# Queen



## beetzart (Dec 30, 2009)

I have recently got into Queen but I tend to prefer their work up to 1980-81, after that it gets a touch pop like. Just wondering what other people think of Queen? Their early stuff is really quite enigmatic and all members seem to have a very strong grasp of classical techniques. My favourite album is, well it is two actually, their equivalent of the White Album in Night at the Opera and Day at the Races.

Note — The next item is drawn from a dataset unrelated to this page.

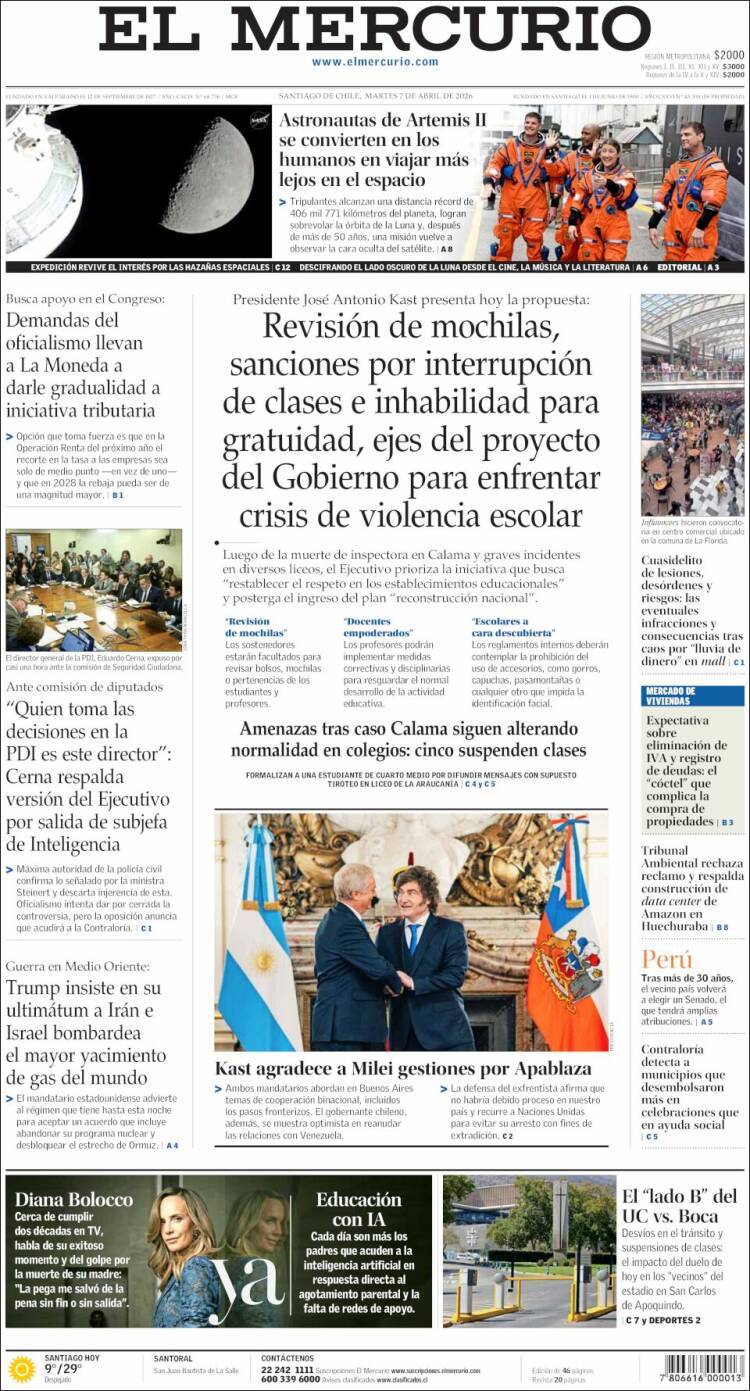 Portada de El Mercurio (Chile)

There is a powerful key shift/change in You and I on DATRs, huge drum roll and the song goes instantly into a minor key. 

Anyway, just curious.


----------



## bharbeke (Mar 4, 2013)

There's no one album that I like the bulk of, but they have some amazing songs scattered in their discography. Here are my picks:

Bohemian Rhapsody (a masterpiece that is good every time I hear it)
Crazy Little Thing Called Love
Dead on Time
Dreamers Ball
Fat Bottomed Girls
Friends Will Be Friends
Great King Rat
I Want It All
Keep Yourself Alive
Killer Queen
Let Me in Your Heart Again
Love Kills
Now I'm Here
Sleeping on the Sidewalk
Somebody to Love
Spread Your Wings
Stone Cold Crazy
The Millionaire Waltz
There Must Be More to Life Than This
Tie Your Mother Down
Was It All Worth It
We Are the Champions
Who Wants to Live Forever
You and I


----------



## ZJovicic (Feb 26, 2017)

My picks:

Bohemian Rhapsody
Bicycle Race
Mustapha
We Will Rock You
Radio Gaga

and also (even though it's just Freddie)

Barcelona
Living On My Own

At one point I listened to Bohemian Rhapsody countless times on repeat.


----------



## Art Rock (Nov 28, 2009)

Great band, certainly in the 70s.

My Queen top10:

1. Killer queen
2. Love of my life
3. You're my best friend
4. Under pressure (with Bowie)
5. '39
6. Bohemian rhapsody
7. Another one bites the dust
8. Crazy little thing called love
9. Bicycle race
10. Save me


----------



## elgar's ghost (Aug 8, 2010)

I prefer the harder rock of their early years - the only albums I can listen to and enjoy in their entirety are the first three. After the first two albums they increasingly showed how versatile they could be but my interest from _A Night at the Opera_ onwards is very selective, and in fact doesn't get as far as the 1980s. At a push I could knock up an hour-long compilation of their material from 1975-79 (if I could include one or two tracks from _Live Killers_) but nothing floats my boat after that.


----------



## beetzart (Dec 30, 2009)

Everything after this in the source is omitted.